Is that because all the other States have State limitations periods that require the prisoner to act promptly?

COURTLAND REICHMAN: Limitations period by statute or they have a laches principle that would limit the ability.

JUSTICE STEVENS: So that the... the hypothetical of the prisoner waiting 10 years to challenge the State conviction can only arise in a few States.

Is that right?

COURTLAND REICHMAN: That's right, and from what I can tell from the Department of Justice statistics, there are even fewer number of convictions in those States, and best I can back-of-the-envelope it, we're talking about maybe I think less than 10 people per year.

JUSTICE KENNEDY: In those... in those six States or those few States--

COURTLAND REICHMAN: Yes.

JUSTICE KENNEDY: --have those States all made clear they'd say we will never apply laches, or is it just the case that there have never... there's never been an instance where the laches issue was presented to them?

COURTLAND REICHMAN: The latter is more accurate.

I'm... I'm... I was trying not to overreach, but I went with the cases that States that were clear that laches would apply either by statute or by case law.

And why this becomes particularly important to me is because we think the petitioner's rule serves the ends of the Federal court overall, especially when you're talking about finality because it seems to be the tail wagging the dog, in a way, to have a rule that cuts off the possibility of the 10-year scenario for these few cases and then causes thousands of placeholder petitions to be filed and managed.

And it has been pointed, you know, average non-merits dismissal, we're talking about roughly 260 days.

It's a burden on the court that's unnecessary, particularly to bring it back, when we think that in light of Custis and Daniels, the plain language takes us all the way there.

JUSTICE GINSBURG: I know... I know--

JUSTICE KENNEDY: But do you have any explanation of why your client waited so long?

COURTLAND REICHMAN: The record doesn't reveal except that he is pro se.

JUSTICE KENNEDY: Pro se.

COURTLAND REICHMAN: Yes.

JUSTICE GINSBURG: --Even... that was the question I was going to ask.

With respect to... he came into Federal court and he said... a little... like 3 days too late to move to extend the time to file the 2255.

That motion was denied.

That motion was made in April of '97, and then he doesn't file for State habeas to get rid of those prior convictions until February of '98.

Is... is there any indication of why, when the Federal court says we're not going to extend your time, he waits so long to go to the State court?

COURTLAND REICHMAN: There's... I'm aware of the facts, but there's none in the record other than the fact that he's pro se and has limited education.

I want to point out one thing that... that I think is important perhaps, if... if the Court were to go a way of equitable tolling, which as I've said, I don't believe is appropriate.
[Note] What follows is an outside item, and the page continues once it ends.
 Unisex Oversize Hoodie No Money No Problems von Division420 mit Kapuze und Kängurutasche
But you mentioned that it was 3 days too late that he filed.

Looking back at the record, I... I don't think that's accurate.
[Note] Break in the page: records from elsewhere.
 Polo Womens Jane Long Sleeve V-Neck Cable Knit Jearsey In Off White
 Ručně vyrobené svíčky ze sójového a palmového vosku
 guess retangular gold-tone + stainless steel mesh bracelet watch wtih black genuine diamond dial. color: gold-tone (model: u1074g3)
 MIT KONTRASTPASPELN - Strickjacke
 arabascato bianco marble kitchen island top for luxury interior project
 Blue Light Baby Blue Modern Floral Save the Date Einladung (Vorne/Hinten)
It shows that it was received by the court on April 25th, 1997, which is 1 day after the grace period under AEDPA which... it expired on April 24th, 1997.

Well, he did it by mail, and under the mailbox rule, that would have been a timely motion to the extent that we are concerned with equitable tolling and... and permitting the placeholder petition of that kind.
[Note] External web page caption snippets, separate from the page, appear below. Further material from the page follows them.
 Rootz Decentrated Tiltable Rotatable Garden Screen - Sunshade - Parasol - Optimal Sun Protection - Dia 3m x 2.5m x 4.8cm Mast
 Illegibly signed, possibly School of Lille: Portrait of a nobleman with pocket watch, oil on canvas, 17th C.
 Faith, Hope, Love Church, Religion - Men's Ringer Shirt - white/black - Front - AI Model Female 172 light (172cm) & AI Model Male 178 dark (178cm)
But again, this... this difficulty in managing the process is familiar to the court because it... it's what happens when you have these pro se petitioners.

The important thing in this case, we believe, the core concern is with the plain language of the statute.

Because Daniels in substance said, the underlying facts to a State court vacatur do not support a claim, we believe that you have to read section 2255, paragraph (4) to say that, okay, then the operative fact is a vacatur.

And this case... it's a very real concern because without the prior convictions that were later vacated, Mr. Johnson would have a roughly 7-year sentence.

Those prior convictions that were vacated... and we all can conclude now were unconstitutional... added 8 more years on his sentence.

He's serving more time on the enhancements than he was on the underlying sentence.

And of course, the sentencing scheme depends on reliability of the information used for purposes of sentencing, and that's why Congress chose to enact the fourth paragraph and the statute of limitations so that there would be an opportunity to correct unreliable information when it came to light and it was discovered.

If there are no further questions, I would reserve the remainder of my time.

JUSTICE STEVENS: You may.

Thank you.

Mr. Himmelfarb.

ORAL ARGUMENT OF DAN HIMMELFARB ON BEHALF OF THE RESPONDENT

DAN HIMMELFARB: Justice Stevens, and may it please the Court.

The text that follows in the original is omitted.